The lines of field emitted from microstrip 54 in Fig. 4A pass through intermediate tissue 58, with which probe 50 is in contact (such as the pleura), into target tissue 62 (such as the lung). Changes in the dielectric properties of target tissue 62 will affect the field lines and consequently the impedance of the transmission line. The cross-sectional configuration of probe 50 is optimized to achieve wide spreading of the electric and magnetic fields, in order to increase the sensitivity of the probe to dielectric changes in tissue 62. Generally speaking, the configuration is chosen so that the electromagnetic flux is denser at the deeper targeted measurement volume. The probe is thus able to sense dielectric change at larger distances. For measuring lung fluid content, probe 50 is typically 1-2 cm wide and a few millimeters thick. Figs. 4B and 4C are schematic pictorial views of dielectrometric probes 63 and 66, in accordance with alternative embodiments of the present invention. Probe 63 comprises two parallel conducting lines 64 formed on one side of a substrate, with a ground plane 65 formed on the other. Probe 66 is a grounded coplanar waveguide, with a conductive strip 67 between coplanar ground planes 68 on one side of a substrate and a ground plane 69 on the other. Elimination of ground plane 69 would make probe 66 a simple coplanar waveguide. Fig. 5 is a schematic side view of a dielectrometric probe 70, in accordance with yet another embodiment of the invention. Probe 70 may also be used with device 24 in place of probe 26 in system 20. Probe 70 comprises a coaxial tip at the end of cable 30, in which a central conductor 72 is concentrically contained within a peripheral conductive cylinder 74. Central conductor 72 protrudes from surrounding cylinder 74 and can even be inserted into the target tissue. This geometry enables impedance measurement deeper into the tissue. Contact between the tip and the tissue causes an impedance mismatch with cable 30, leading to reflections that can be used to measure complex permittivity as in the preceding embodiments. SIGNAL PROCESSING

Fig. 6 is a block diagram that schematically shows functional components of dielectrometric monitoring device 24, in accordance with an embodiment of the invention. The elements of electronic unit 28 are contained in a sealed case 80 comprising a suitable biocompatible material, such as titanium or stainless steel. Case 80 contains, inter alia, circuitry including a front end driver circuit 82 and a digital processing circuit 84. Driver circuit 82 comprises a transmitter 94, which transmits RF signals via a directional coupler 95 or bridge through cable 30 to probe 26 (or to one of the other probes described above). A receiver 96 in the driver circuit receives the signals that are returned from probe 26 via cable 30 and outputs a digitized indication of the amplitude and phase of the signals to digital processing circuit 84. Typically, the driver circuit applies the signals at multiple, different frequencies, and uses frequency-tuned detection in sensing the returned signal at each frequency.

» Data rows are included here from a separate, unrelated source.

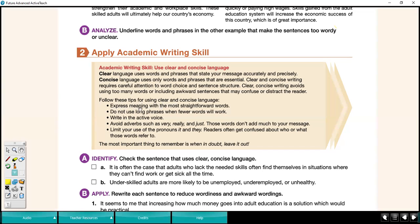Express meaning with the most straightforward words, using the right vocabulary and word choice. Do not use long phrases when fewer words will work — deleting and making sure that we're not adding unnecessary words.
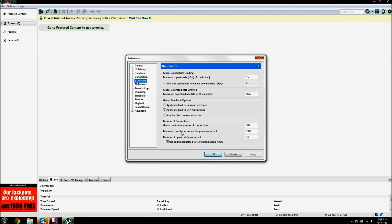Global maximum number of connections should be 200. Maximum number of connected peers per torrent is 2339, and the number of upload slots per torrent is 14, and make sure you tick this box.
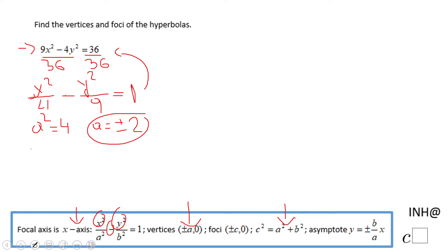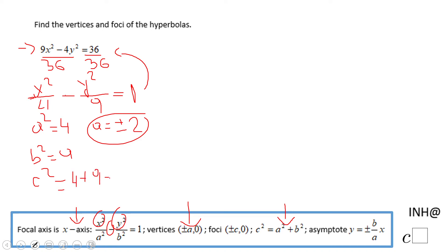For finding the foci, first we need to find b squared, which is obviously 9. And c squared, based on that equation, is going to be a squared plus b squared: 4 plus 9, which is 13. So c will be plus or minus the square root of 13.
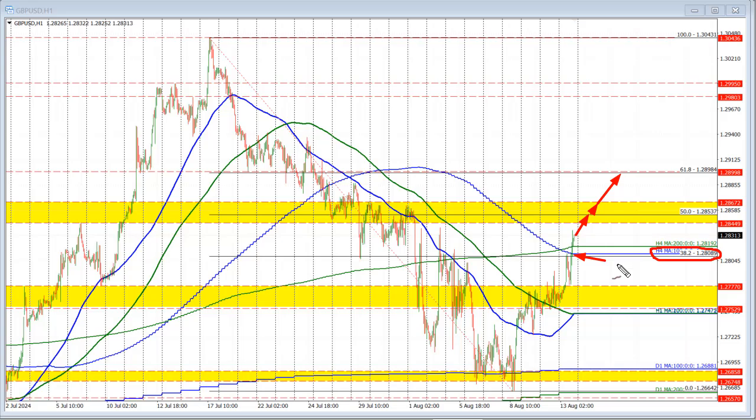Hello ladies and gentlemen, Greg McGlasky from ForexLive.com. In the Kickstart video this morning, I talked about specifically this 100 bar moving average on the 4-hour chart. I also talked about the 38.2% retracement of this move to the downside. The 38.2% retracement came in at 1.28089.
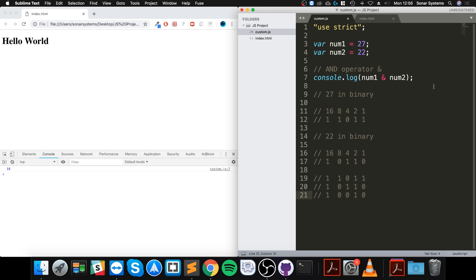There is another operator, the bitwise OR operator, which is just the single pipe. There's the exclusive OR operator, there's the bitwise NOT, the left and right shift, and right shift with zero as well.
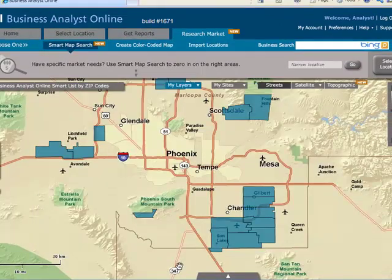With Smart Map Search, you can quickly find the areas that are right for your needs.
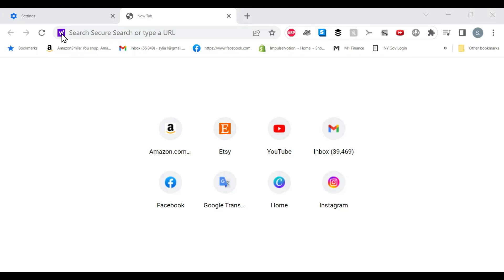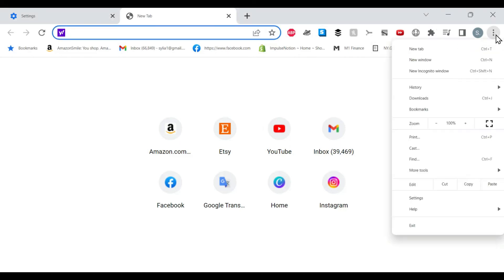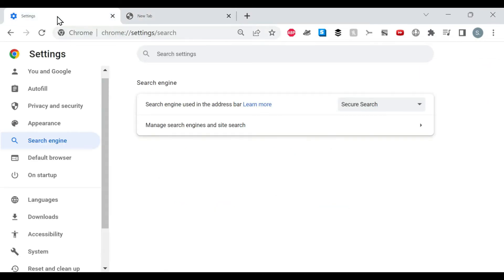So if you want to change that, this is what you do. You go to the triple dots, go to Settings. So I have Settings open. Go down to Search Engine.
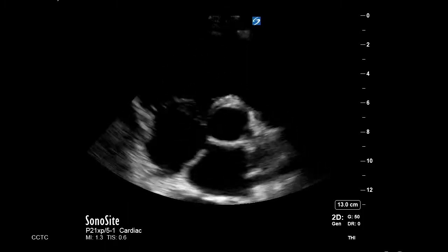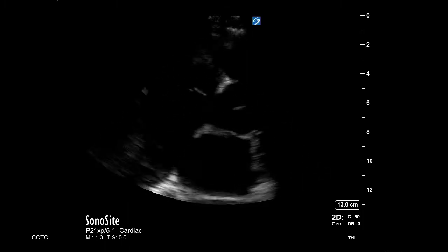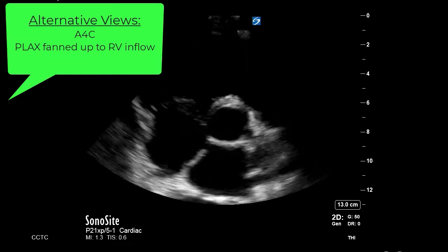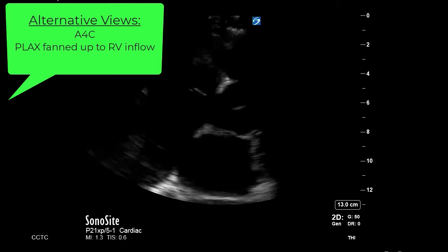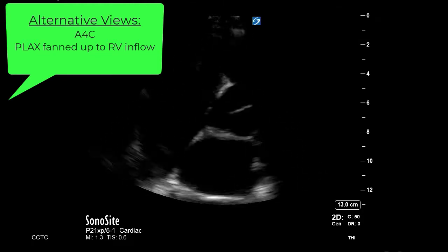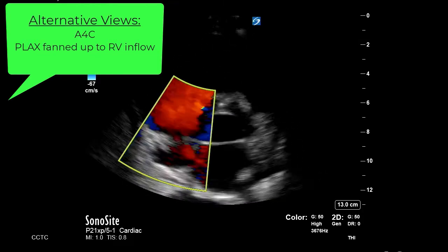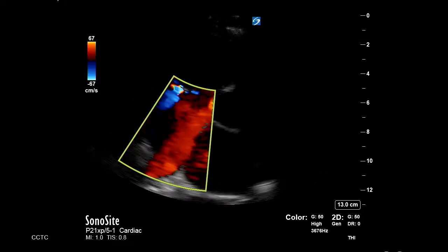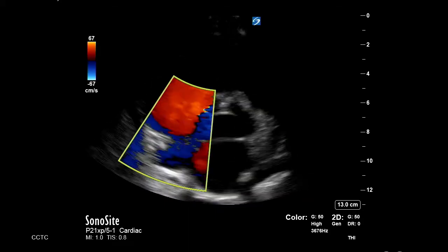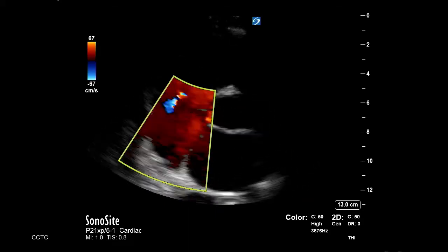To quantify TR, you're going to need to obtain the short axis view at the level of the aortic valve as seen here. You want to apply a color box and look for regurgitant flow, which will appear blue as it's going away from the probe.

Processing circuit 84 samples the input signals transmitted by driver circuit 82, and uses the sampled input as an amplitude and phase reference. The processing circuit then compares the digitized signals received from the driver circuit to the reference in order to calculate the amplitude and phase shift of the returned signals. Based on the amplitude and phase shifts and/or the propagation delay of the received signal relative to the transmitted signal, taken as a function of frequency over the range of frequencies transmitted by the driver circuit, processing circuit 84 derives the complex impedance between the conductors of the probe due to the target tissue. The processing circuit (or station 32, Fig. 1) evaluates the permittivity of the target tissue based on these measurements.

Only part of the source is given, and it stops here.